Zwischen Minijobbern und Angestellten gibt es keinen Unterschied. Beide müssen sich unverzüglich krankmelden und auch gemäß ihres Arbeitsvertrags eine Arbeitsunfähigkeitsbescheinigung vorlegen. Ähnlich ist es bei Leiharbeitern. Auch hier muss dem Arbeitgeber wie vertraglich vereinbart eine Krankmeldung vorgelegt werden. Doch Vorsicht: Der Arbeitgeber ist hier immer das verleihende Unternehmen, nicht das, welches sich die Arbeitskraft ausleiht. Freelancer unterliegen grundsätzlich keinem Weisungsrecht des Arbeitgebers, daher benötigen sie keine Arbeitsunfähigkeitsbescheinigung.

Mit welchen Konsequenzen muss ein Arbeitnehmer rechnen, der die vertraglichen Vereinbarungen rund um das Thema Krankmeldung nicht einhält?

Das kann bei einer Abmahnung beginnen und im Extremfall bis hin zu einer Kündigung wegen Arbeitsverweigerung führen.

Welche Möglichkeiten hat ein Arbeitgeber, um sich gegen häufige Krankmeldungen zu „wehren“?

Wenn die Arbeitsunfähigkeitsbescheinigungen eines Mitarbeiters zwar formal richtig, aber auf die Dauer für das Unternehmen wirtschaftlich nicht mehr tragbar sind, hat der Arbeitgeber prinzipiell die Möglichkeit einer krankheitsbedingten Kündigung. Hier ist jedoch eine extrem sorgfältige Begutachtung geboten. Eine solche Kündigung ist nur dann möglich, wenn eine negative Prognose vorliegt, also wenn der Arbeitgeber nicht absehen kann, ob der Arbeitnehmer wieder seinen Beruf ausüben können wird. Oft kommt es hier zu Streit, der vor dem Arbeitsgericht landet – dann ist eine Einzelfallprüfung anzustellen.

Darf der Arbeitgeber die Bescheinigung der Arbeitsunfähigkeit anzweifeln oder gar einen Arzt vorschreiben?

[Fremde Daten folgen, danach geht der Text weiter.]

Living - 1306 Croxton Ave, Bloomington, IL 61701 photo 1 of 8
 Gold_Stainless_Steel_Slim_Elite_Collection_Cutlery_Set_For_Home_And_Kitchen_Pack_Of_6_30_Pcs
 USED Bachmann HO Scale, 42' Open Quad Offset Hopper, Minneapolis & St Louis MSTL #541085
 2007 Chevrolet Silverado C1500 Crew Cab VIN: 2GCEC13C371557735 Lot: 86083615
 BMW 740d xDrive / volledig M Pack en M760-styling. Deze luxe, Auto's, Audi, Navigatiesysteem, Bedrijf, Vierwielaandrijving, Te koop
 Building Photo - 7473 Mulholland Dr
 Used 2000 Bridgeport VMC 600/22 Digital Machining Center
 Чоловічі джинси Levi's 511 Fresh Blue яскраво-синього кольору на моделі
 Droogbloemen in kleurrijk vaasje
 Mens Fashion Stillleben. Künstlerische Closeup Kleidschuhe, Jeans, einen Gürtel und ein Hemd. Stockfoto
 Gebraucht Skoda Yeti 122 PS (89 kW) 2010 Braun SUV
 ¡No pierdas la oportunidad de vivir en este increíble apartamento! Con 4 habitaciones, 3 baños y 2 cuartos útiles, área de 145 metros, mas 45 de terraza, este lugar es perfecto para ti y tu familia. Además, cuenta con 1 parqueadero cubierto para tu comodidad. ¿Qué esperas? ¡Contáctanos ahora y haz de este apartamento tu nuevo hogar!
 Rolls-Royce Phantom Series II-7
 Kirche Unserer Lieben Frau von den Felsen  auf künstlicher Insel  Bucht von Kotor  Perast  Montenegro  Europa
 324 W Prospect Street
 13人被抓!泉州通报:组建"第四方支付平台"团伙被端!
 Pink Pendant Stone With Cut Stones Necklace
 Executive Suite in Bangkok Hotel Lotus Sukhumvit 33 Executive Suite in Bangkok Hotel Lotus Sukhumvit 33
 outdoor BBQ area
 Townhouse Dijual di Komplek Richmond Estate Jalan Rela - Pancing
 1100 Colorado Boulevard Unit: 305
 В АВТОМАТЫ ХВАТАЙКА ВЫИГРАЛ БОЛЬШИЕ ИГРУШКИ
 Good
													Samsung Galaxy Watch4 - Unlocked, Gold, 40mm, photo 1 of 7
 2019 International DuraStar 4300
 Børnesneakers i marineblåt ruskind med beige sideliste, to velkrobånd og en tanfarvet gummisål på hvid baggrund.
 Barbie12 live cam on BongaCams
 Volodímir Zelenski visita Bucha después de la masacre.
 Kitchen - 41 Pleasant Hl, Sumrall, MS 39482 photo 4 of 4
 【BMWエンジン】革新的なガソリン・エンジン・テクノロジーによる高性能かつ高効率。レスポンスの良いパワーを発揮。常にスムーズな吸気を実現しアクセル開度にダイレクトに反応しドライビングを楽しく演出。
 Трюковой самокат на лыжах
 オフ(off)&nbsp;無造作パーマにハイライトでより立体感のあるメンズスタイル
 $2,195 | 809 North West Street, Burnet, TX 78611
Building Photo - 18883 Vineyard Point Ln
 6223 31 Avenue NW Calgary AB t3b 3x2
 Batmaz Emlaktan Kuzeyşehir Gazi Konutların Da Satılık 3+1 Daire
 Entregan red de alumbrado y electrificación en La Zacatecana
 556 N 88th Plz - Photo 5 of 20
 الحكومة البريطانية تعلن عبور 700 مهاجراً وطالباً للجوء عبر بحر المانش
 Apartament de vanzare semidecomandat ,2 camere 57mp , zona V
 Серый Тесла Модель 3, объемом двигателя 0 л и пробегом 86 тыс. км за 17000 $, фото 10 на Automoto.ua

Vorschreiben darf der Arbeitgeber keinen bestimmten Arzt, da es in Deutschland die freie Arztwahl gibt. Zweifelt er jedoch den Krankenstatus an, so darf er den Arbeitnehmer zum Betriebs- oder Amtsarzt schicken. Diese werden den Krankenstatus dann überprüfen – doch auch hier gilt die ärztliche Schweigepflicht. Auch sollte dem Arbeitgeber hier klar sein, dass ein Arzt nicht leichtsinnig Krankschreibungen verteilt, da er sich gemäß § 106 Abs. 3a SGB V bei einer grob fahrlässig oder gar wissentlich falschen Arbeitsunfähigkeitsbescheinigung strafbar macht.

Darf ein Arbeitgeber auch im Nachhinein eine Arbeitsunfähigkeitsbescheinigung vom Arbeitnehmer verlangen?

Nein, auf getroffene Regelungen im Arbeitsvertrag oder natürlich auch auf die gesetzlichen Vorgaben darf sich ein Arbeitnehmer verlassen. Rückwirkend darf ein Arbeitgeber keine Arbeitsunfähigkeitsbescheinigung verlangen, nur weil er im Nachhinein beispielsweise Zweifel an der Krankheit hegt.

Können sich angestellte Mediziner selbst oder auch Familienangehörige krankschreiben?

Selbst können sich Mediziner keine Arbeitsunfähigkeit bescheinigen. Es braucht hierzu immer einen unabhängigen und neutralen Arzt. Diese Neutralität und Unabhängigkeit sieht die gängige Rechtsprechung bei Familienangehörigen aber als gegeben an.

Frau Brümmer, wir danken Ihnen für dieses informative Gespräch.